Davis Lumber Company is located downwind from U. S. Architectural when winds are blowing in the direction of prevailing wind patterns. Large amounts of particulate matter from the cyclone at U. S. Architectural are deposited at the lumber company from one to four times a week . Deposition of particles on employees vehicles, in the stockroom, and on the store front of the lumber company have been documented. Employees exposed to these particles have experienced severe eye irritation, which in some cases has required using the eye wash station. The manager stated that employees have also complained of nose bleeds (some severe enough to require medical attention), respiratory congestion, recurrent sinus inflamation and infections, and respiratory difficulty at night (one employee) which they believe are attributable to exposure to MDF particulate matter. The plant manager also reported that a physician has documented that one employee has an inflamed sinus cavity.

When the wind direction shifts, the discharge from the cyclone is blown toward ARC/Winco, a windshield installation facility located adjacent to U. S. Architectural. Employees of ARC/Winco have reported skin rashes, light headaches, and some sinus problems that they attribute to exposure to the cyclone discharge. One person has an enlarged heart and reported an exacerbation of the heart problem following exposure to the discharged particles. Deposition of particles on windshields in the windshield installation room of the facility and on vehicles have been documented.

Employees from other facilities located in the vicinity of U. S. Architectural were interviewed and reported no health complaints. There are no residences adjacent to the facility.

On June 30, 1998, ADH conducted particulate sampling (Table 1.) The samples collected at Davis Lumber Company were taken in the plume of particles being discharged from the cyclone when possible, however wind direction was variable on the day samples were collected. The samples collected at 12:55 p.m. and 1:00 p.m. were collected when the wind was blowing directly from the cyclone toward the lumber company. The remaining samples were collected while the wind direction was variable (i.e. wind blowing directly over the U.S. Architectural building and shifting to blow toward Davis Lumber Company.) Samples collected at ARC Winco and Phelan's Pharmacy were utilized as background samples.
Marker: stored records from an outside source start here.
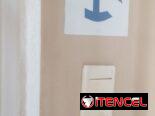Rento Apartamento vacío en el vedado para negocio con espacio para almacén etc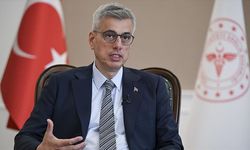 Bakan Memişoğlu: Sigara içilen alanları ve sigara içme görüntülerini azaltmaya yönelik bir mevzuat çalışmamız var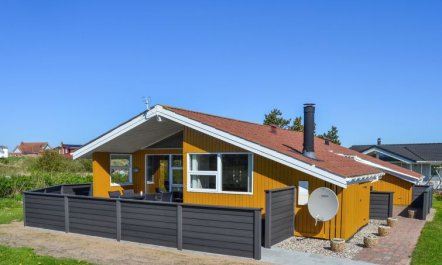 'Elsbeth' - 500m from the sea 6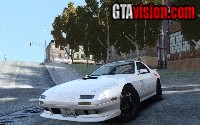 Download: 1990 Mazda Savanna RX-7 | Author: y97y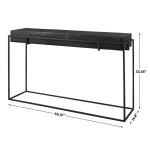 Telone Console Table - Image 6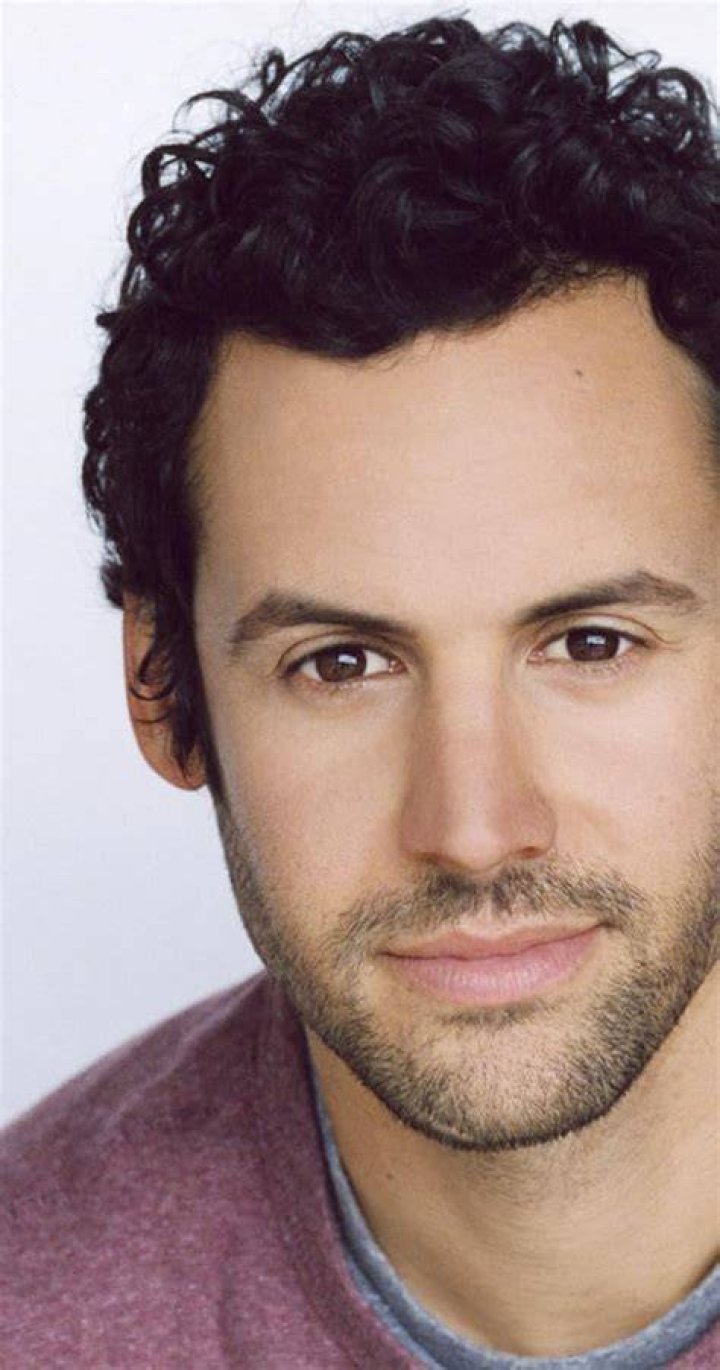 Avi Rothman IMDb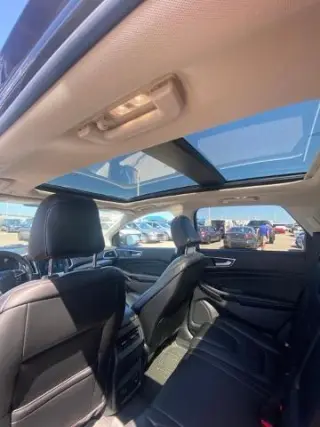 Ford Edge 2021 AWD Titanium 4dr Crossover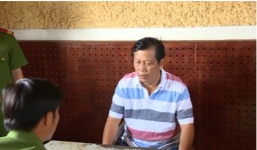 Trợ thủ đắc lực của đại gia xăng dầu Trịnh sướng 'sa lưới'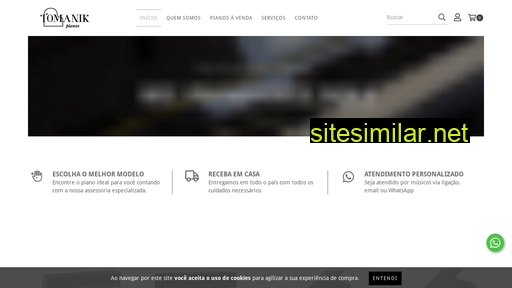 pianostomanik.com.br alternative sites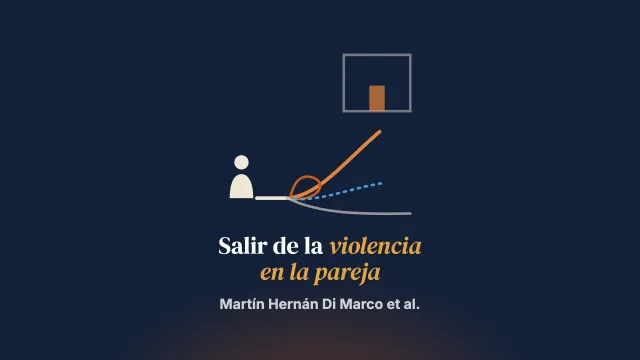 Pero ¿qué significa siquiera cambiar…? Relatos de desistimiento de hombres en programas de intervención con maltratadores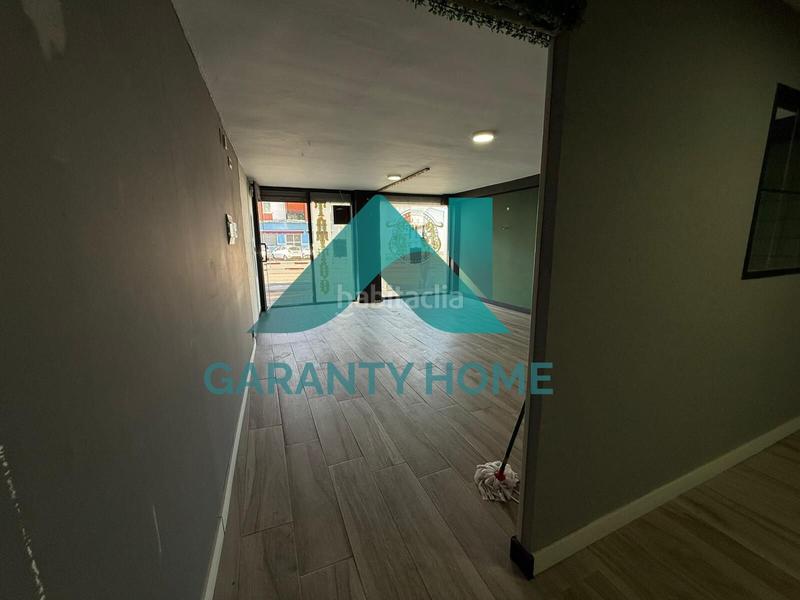 Foto 51cc6e5c-618d-441b-93c5-f7eabc3f40ca. Affitto locale commerciale in Casco Antiguo Cáceres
MDF contains formaldehyde. The established occupational standards for formaldehyde on wood dust are a Time Weighted Average (TWA) of 0.016 parts per million and a Ceiling (CLG) limit of 0.1 parts per million. (2) Acute respiratory formaldehyde exposure is characterized by irritation of the mucosal membranes of the eyes and upper respiratory tract leading to lacrimation, rhinitis, and pharyngitis. (3) Other effects seen from exposure to high levels of formaldehyde are coughing, wheezing, chest pains, and bronchitis. (4) These symptoms are consistent with those reported by the complainants. The amount of formaldehyde in the plume particles could not be quantified because ADH does not have the capability to analyze particulate samples for formaldehyde. Because of the resultant data gap, it cannot be determined if symptoms in the exposed population may have been caused by formaldehyde exposure from the particles, or by the irritant nature of the particles.